Pretty standard use a tracert command and trace the path to the game server. In some cases the game company will block trace/ping to the server but generally the firewall is in the same data center so there is not really any latency past it.....not that you could fix it even if there was.

You might try different game server locations just to see what is different.

Your goal is to see where the latency jumps up a lot. In most cases you can't do much about this since the various ISP control the path. This is where vpn like wtfast "might" benefit you. In some ways you hope it is in hop 2 which should be your fiber connection but it highly unlikely on a fiber.

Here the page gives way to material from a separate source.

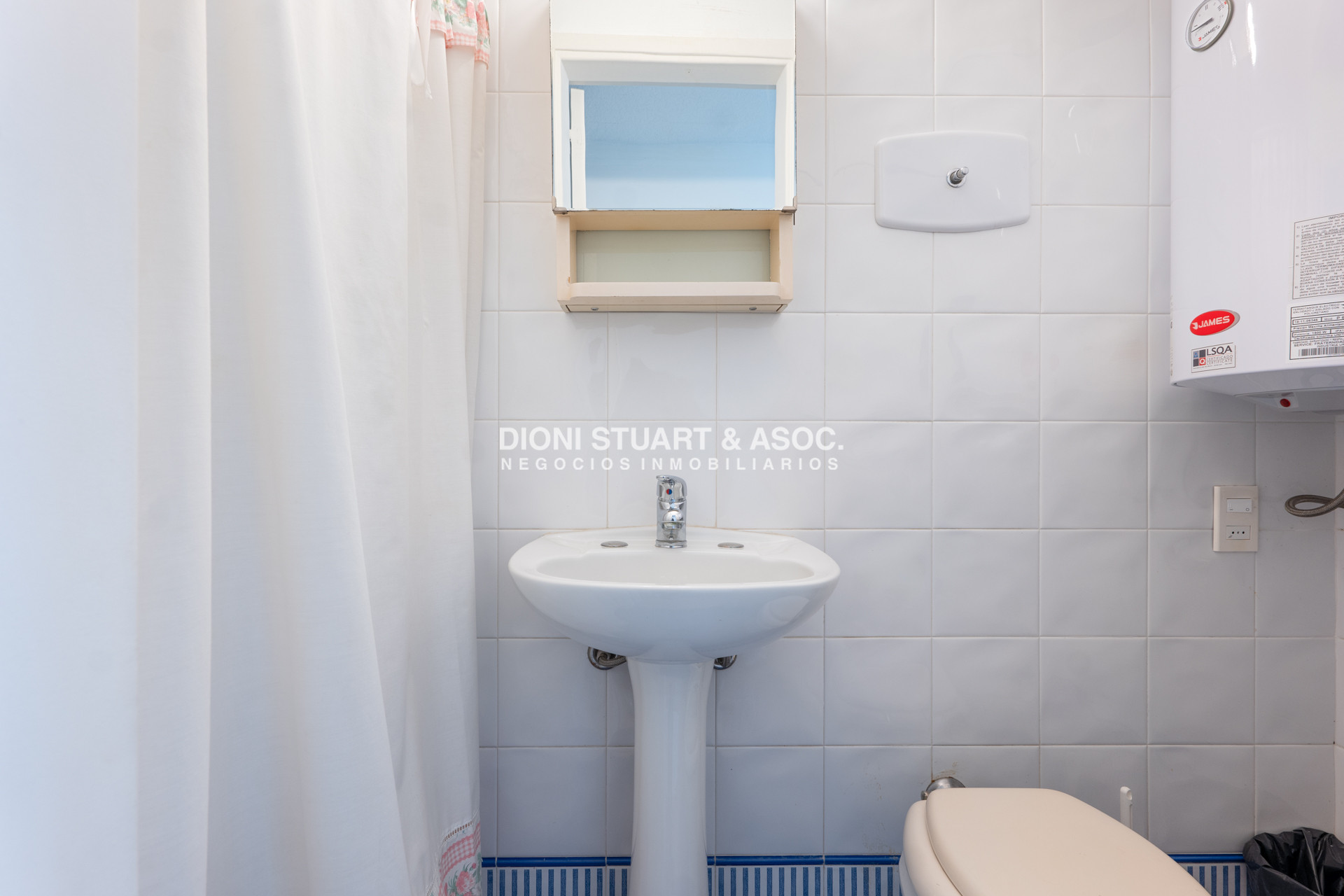 Apartamento ID.717 - Alquiler de Temporada - 2 Dormitorios y Dependencia - Complejo Lincoln Center - Todos Los Amenities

It depends on the game but you want to trace to the actual server you are playing on. Game companies have other servers like login and match making servers depending on the game. All you care about is the one you run on once the game start. Note you can generally see this ip address in the network tab of the resource manager while the game is running. It should have constant traffic running to it.
 
You main post says it affects the ps5 also. I would say a power supply would be the last thing I would suspect. Generally bad power supplies you get system crashes not high latency.

So you really need to be sure this is affecting multiple devices or you are going to be chasing the wrong thing.

This is getting to be a long thread and I am unsure if you have tried some of the simple things. Since it appears you have a router that is plugged into some kind of fiber modem can you test removing the router and plug your pc directly into the fiber box. This would eliminate some strange issue in the router causing this.